- TASK STATEMENT -
Your task is to copy the lines of the data below from the line holding "Decoratiune de Craciun, Model" through the line holding "Martine Rose Navy Lace-Up T-shirt", inclusive, exactly and with nothing added.

========

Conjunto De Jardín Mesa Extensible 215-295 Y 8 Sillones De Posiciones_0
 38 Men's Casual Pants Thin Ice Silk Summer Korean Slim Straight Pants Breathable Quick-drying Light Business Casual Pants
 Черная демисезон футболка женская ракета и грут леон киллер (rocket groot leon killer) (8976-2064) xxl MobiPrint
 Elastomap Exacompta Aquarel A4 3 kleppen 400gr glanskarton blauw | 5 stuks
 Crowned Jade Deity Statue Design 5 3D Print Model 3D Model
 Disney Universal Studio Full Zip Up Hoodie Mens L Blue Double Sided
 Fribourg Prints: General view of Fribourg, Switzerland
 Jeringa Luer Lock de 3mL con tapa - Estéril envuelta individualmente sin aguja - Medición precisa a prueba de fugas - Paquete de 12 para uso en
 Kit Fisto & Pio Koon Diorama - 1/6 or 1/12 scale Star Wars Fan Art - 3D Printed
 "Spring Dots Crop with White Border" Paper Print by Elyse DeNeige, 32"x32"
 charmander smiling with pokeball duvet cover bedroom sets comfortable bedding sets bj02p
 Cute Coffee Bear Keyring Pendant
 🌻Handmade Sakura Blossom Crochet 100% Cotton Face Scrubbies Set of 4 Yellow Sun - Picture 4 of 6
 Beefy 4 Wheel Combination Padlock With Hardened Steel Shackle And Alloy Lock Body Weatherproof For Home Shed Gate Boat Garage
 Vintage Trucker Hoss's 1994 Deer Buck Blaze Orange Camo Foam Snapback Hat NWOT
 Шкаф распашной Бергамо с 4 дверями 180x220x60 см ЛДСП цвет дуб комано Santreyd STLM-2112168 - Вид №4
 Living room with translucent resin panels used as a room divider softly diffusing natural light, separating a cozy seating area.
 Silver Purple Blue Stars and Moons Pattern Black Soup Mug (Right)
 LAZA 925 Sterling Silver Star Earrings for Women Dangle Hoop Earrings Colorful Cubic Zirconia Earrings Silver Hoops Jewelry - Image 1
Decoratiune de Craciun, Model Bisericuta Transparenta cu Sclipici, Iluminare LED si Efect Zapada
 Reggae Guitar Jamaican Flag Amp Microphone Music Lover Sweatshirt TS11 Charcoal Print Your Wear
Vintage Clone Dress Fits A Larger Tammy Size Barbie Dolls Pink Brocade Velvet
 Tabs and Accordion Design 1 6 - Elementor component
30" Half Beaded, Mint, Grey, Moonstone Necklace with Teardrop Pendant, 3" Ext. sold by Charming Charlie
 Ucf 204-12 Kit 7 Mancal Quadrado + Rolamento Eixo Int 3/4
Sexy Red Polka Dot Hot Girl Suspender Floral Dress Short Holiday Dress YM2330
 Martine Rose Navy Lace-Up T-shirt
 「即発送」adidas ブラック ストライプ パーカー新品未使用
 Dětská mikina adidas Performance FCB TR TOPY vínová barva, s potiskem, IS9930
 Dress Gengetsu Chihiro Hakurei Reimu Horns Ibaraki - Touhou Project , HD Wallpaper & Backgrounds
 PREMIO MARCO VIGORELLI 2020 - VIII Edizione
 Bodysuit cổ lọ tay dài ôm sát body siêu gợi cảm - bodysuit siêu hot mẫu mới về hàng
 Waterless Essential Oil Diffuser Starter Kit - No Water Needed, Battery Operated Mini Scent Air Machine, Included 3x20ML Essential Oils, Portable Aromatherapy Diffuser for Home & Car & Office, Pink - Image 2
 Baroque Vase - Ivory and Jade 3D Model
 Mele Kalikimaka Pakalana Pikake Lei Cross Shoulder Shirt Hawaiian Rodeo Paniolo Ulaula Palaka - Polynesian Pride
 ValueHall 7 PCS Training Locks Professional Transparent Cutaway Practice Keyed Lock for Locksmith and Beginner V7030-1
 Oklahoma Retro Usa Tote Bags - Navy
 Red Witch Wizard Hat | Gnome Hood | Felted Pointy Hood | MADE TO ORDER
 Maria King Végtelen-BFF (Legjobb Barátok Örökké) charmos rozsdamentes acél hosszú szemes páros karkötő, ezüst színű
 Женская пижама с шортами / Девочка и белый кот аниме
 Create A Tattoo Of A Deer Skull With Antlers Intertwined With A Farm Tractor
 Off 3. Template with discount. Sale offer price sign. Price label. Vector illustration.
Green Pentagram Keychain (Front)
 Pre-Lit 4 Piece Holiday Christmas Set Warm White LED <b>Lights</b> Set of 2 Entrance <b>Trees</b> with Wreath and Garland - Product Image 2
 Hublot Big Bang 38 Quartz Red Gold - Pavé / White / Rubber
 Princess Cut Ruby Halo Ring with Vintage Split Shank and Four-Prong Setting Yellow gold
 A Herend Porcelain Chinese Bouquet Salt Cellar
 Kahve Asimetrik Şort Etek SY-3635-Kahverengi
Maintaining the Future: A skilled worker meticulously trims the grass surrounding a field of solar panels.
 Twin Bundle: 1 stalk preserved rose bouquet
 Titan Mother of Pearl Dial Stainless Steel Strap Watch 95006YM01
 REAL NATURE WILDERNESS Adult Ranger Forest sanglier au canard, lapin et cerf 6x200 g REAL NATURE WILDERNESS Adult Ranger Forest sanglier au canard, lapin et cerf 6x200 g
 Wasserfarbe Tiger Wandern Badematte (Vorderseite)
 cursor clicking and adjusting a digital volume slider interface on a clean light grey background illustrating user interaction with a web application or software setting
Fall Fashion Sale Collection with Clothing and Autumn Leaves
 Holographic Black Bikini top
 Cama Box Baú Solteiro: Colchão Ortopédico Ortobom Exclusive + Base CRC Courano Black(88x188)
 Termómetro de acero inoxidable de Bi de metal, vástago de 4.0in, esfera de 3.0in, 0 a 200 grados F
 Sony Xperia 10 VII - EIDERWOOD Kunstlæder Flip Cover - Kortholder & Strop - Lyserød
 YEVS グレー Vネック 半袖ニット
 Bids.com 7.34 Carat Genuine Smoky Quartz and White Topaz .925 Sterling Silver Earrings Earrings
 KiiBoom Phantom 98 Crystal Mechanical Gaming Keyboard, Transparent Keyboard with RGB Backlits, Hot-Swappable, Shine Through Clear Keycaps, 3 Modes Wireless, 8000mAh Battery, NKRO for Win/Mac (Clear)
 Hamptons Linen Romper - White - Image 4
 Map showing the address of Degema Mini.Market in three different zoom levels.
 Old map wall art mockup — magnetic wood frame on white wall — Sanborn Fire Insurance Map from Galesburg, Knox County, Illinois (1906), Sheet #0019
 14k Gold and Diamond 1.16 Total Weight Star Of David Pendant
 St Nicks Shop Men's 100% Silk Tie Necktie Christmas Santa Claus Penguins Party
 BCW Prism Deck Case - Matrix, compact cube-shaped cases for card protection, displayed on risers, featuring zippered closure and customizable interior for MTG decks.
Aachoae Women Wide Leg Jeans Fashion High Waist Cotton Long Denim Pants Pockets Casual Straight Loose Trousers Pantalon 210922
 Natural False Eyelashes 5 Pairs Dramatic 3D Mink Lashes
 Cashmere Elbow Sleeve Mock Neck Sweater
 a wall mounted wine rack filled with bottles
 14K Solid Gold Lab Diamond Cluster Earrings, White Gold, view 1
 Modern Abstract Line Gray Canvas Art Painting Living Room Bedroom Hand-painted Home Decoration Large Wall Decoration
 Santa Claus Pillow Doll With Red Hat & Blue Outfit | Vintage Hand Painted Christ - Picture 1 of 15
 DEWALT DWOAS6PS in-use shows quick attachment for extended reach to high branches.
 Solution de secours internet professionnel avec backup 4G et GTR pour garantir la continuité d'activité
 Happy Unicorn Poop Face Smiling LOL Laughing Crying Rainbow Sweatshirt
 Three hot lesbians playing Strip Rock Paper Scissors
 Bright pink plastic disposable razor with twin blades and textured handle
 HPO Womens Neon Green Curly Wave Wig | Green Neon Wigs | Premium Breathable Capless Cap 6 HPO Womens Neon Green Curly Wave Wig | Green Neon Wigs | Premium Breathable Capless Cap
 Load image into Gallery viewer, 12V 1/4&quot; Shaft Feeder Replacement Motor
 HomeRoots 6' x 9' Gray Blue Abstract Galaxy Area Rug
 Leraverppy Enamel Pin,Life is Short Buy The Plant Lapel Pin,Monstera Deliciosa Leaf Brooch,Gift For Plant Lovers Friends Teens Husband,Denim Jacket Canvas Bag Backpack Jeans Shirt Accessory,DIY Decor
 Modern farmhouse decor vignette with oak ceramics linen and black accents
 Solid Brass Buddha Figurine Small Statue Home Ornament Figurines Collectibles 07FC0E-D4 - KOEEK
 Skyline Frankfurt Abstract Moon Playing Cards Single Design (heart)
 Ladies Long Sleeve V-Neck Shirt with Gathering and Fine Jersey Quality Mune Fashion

========

- SOLVED EXERCISE -
Decoratiune de Craciun, Model Bisericuta Transparenta cu Sclipici, Iluminare LED si Efect Zapada
 Reggae Guitar Jamaican Flag Amp Microphone Music Lover Sweatshirt TS11 Charcoal Print Your Wear
Vintage Clone Dress Fits A Larger Tammy Size Barbie Dolls Pink Brocade Velvet
 Tabs and Accordion Design 1 6 - Elementor component
30" Half Beaded, Mint, Grey, Moonstone Necklace with Teardrop Pendant, 3" Ext. sold by Charming Charlie
 Ucf 204-12 Kit 7 Mancal Quadrado + Rolamento Eixo Int 3/4
Sexy Red Polka Dot Hot Girl Suspender Floral Dress Short Holiday Dress YM2330
 Martine Rose Navy Lace-Up T-shirt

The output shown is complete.